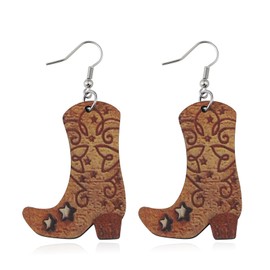 Stocking Stuffers Cowgirl Earrings for Women Wooden Cowgirl Boots Earrings Cowboy Hat Earrings Western Earrings for Teen Girls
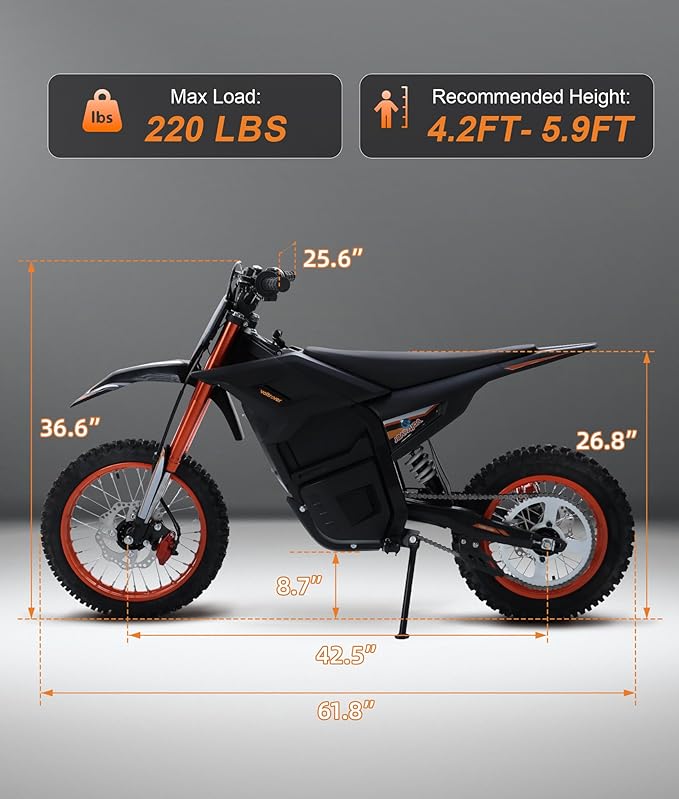 Electric Dirt Bike for Adults & Teens 13+, 2000W Off-Road Electric Motorcycle, 48V 21Ah Removable Battery, 37MPH Fat Tire E Dirt Bike with Hydraulic Brakes, Family Trail Riding Gift-Orange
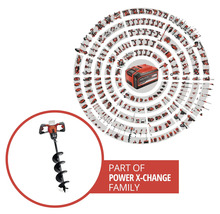 Tarière Einhell de la gamme de systèmes sans fil Power X-Change avec aperçu de divers outils compatibles.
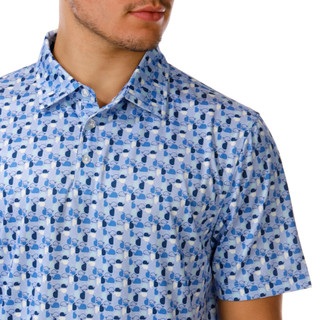 Thumbnail 3: Southern Palms Men's Short Sleeve Printed Performance Polo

☆ ☆ ☆ ☆ ☆

• **WORK TO COMPLETE**:
Leave out the pictures and restate, word for word, the lines from the top of the data through the line containing "Tarière Einhell de", both included.

• **COMPLETED EXERCISE**:
 Stocking Stuffers Cowgirl Earrings for Women Wooden Cowgirl Boots Earrings Cowboy Hat Earrings Western Earrings for Teen Girls
 Electric Dirt Bike for Adults & Teens 13+, 2000W Off-Road Electric Motorcycle, 48V 21Ah Removable Battery, 37MPH Fat Tire E Dirt Bike with Hydraulic Brakes, Family Trail Riding Gift-Orange
 Tarière Einhell de la gamme de systèmes sans fil Power X-Change avec aperçu de divers outils compatibles.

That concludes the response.